Exercise details
Leave out the images and repeat the listing below without a single change.

Dataset excerpt
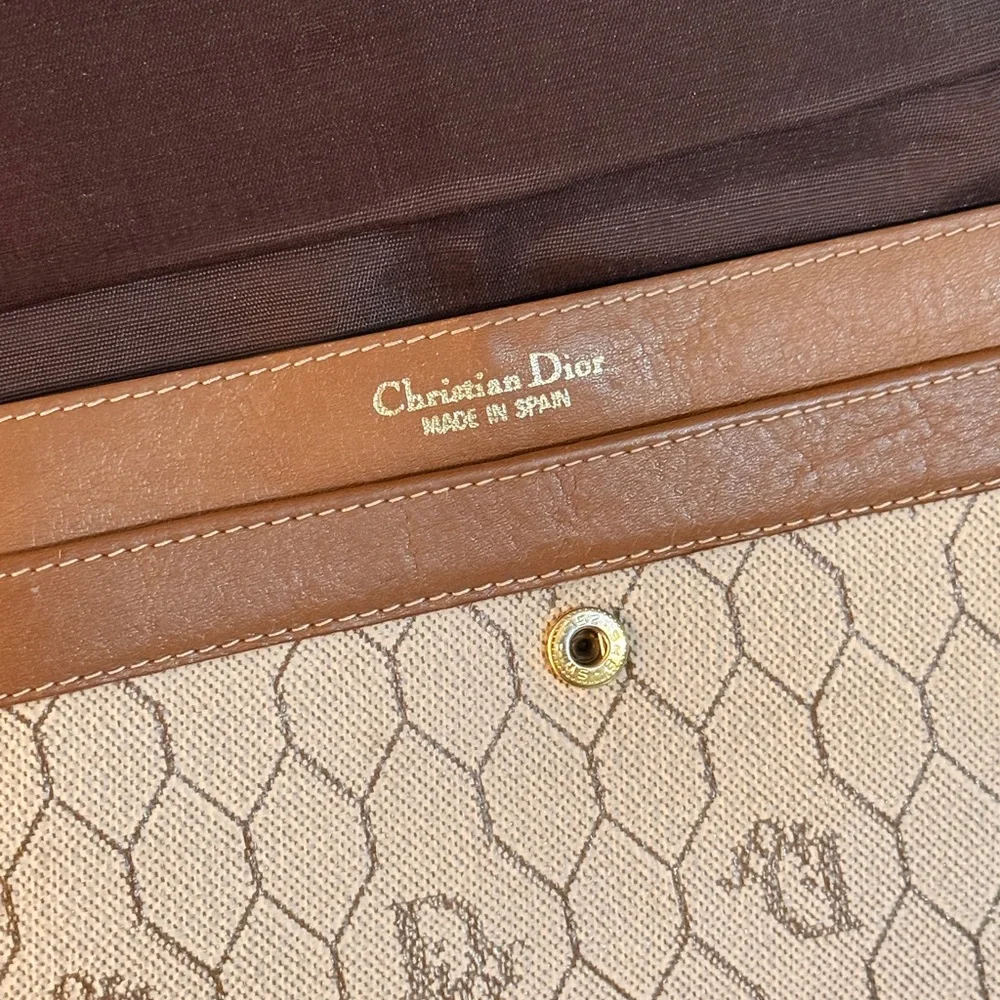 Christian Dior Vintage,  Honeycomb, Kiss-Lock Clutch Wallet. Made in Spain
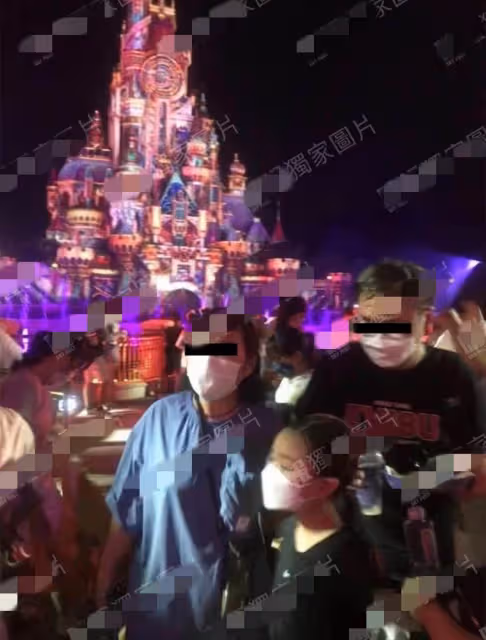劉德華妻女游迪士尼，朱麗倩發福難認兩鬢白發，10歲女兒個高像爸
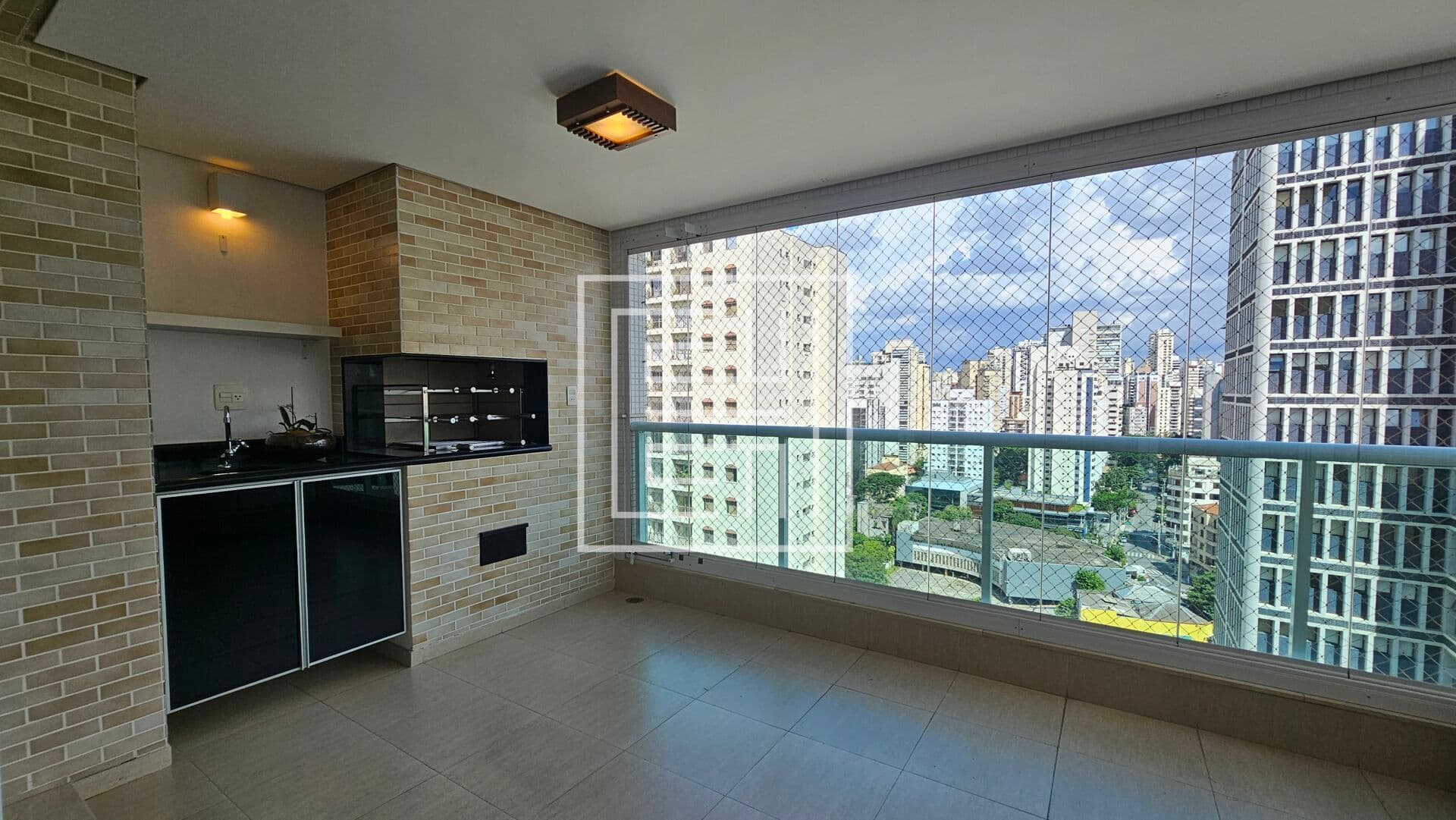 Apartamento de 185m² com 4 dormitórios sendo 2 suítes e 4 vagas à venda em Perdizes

Output of the exercise
 Christian Dior Vintage,  Honeycomb, Kiss-Lock Clutch Wallet. Made in Spain
劉德華妻女游迪士尼，朱麗倩發福難認兩鬢白發，10歲女兒個高像爸
 Apartamento de 185m² com 4 dormitórios sendo 2 suítes e 4 vagas à venda em Perdizes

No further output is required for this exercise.